**** SOURCE MATERIAL

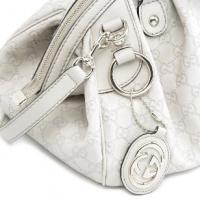 グッチスーパーコピー２ＷＡＹショルダーバッグ ＳＵＫＥＹ 223974 AA61G 9022 グッチシマ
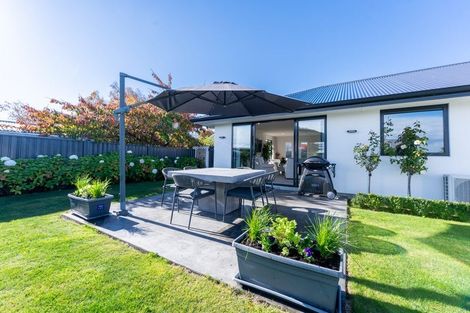 Photo of property in 264d Otipua Road, Highfield, Timaru, 7910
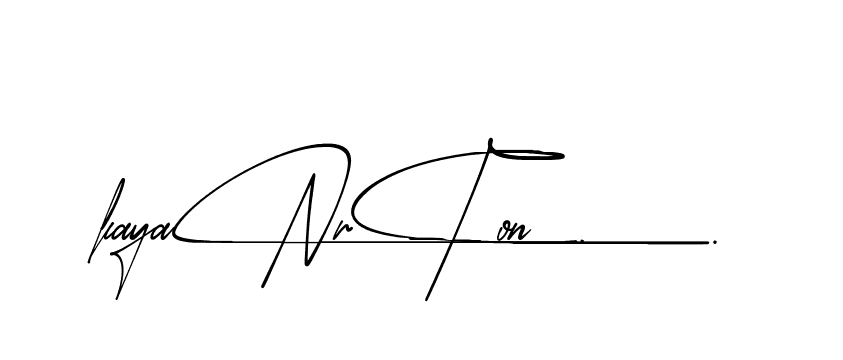 The best way (Airstone-ow4E0) to make a short signature is to pick only two or three words in your name. The name Ceard include a total of six letters. For converting this name. Ceard signature style 2 images and pictures png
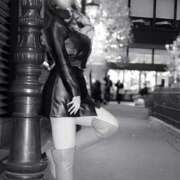 ヒメ日記 2026/03/25 00:45 投稿 りあ ドンファン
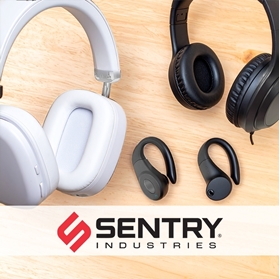 Picture for category SENTRY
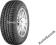 OPONA ZIMOWA  BARUM POLARIS 3  205/60/R16 82H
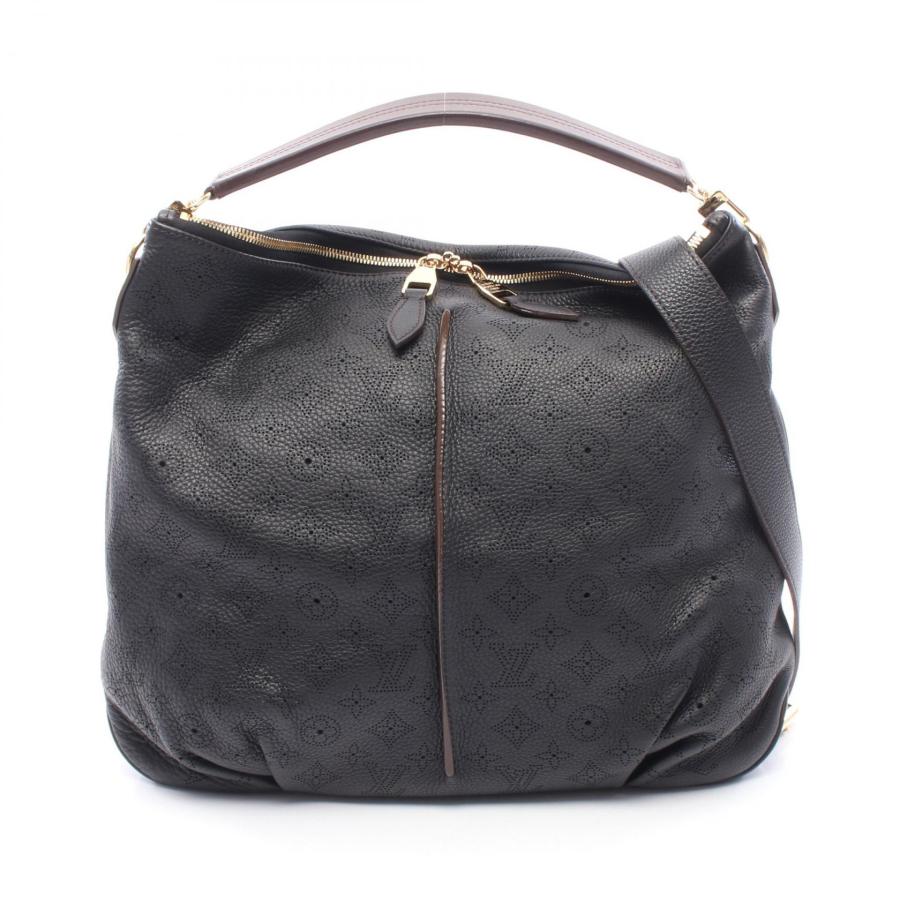 LOUIS VUITTON（ルイ・ヴィトン） セレネPM 2WAY ブランドオフ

********

Give back exactly the lines from the line with "Photo of property" through the end of the records, both included; keep all pictures out.

## TASK RESPONSE
 Photo of property in 264d Otipua Road, Highfield, Timaru, 7910
 The best way (Airstone-ow4E0) to make a short signature is to pick only two or three words in your name. The name Ceard include a total of six letters. For converting this name. Ceard signature style 2 images and pictures png
 ヒメ日記 2026/03/25 00:45 投稿 りあ ドンファン
 Picture for category SENTRY
 OPONA ZIMOWA  BARUM POLARIS 3  205/60/R16 82H
 LOUIS VUITTON（ルイ・ヴィトン） セレネPM 2WAY ブランドオフ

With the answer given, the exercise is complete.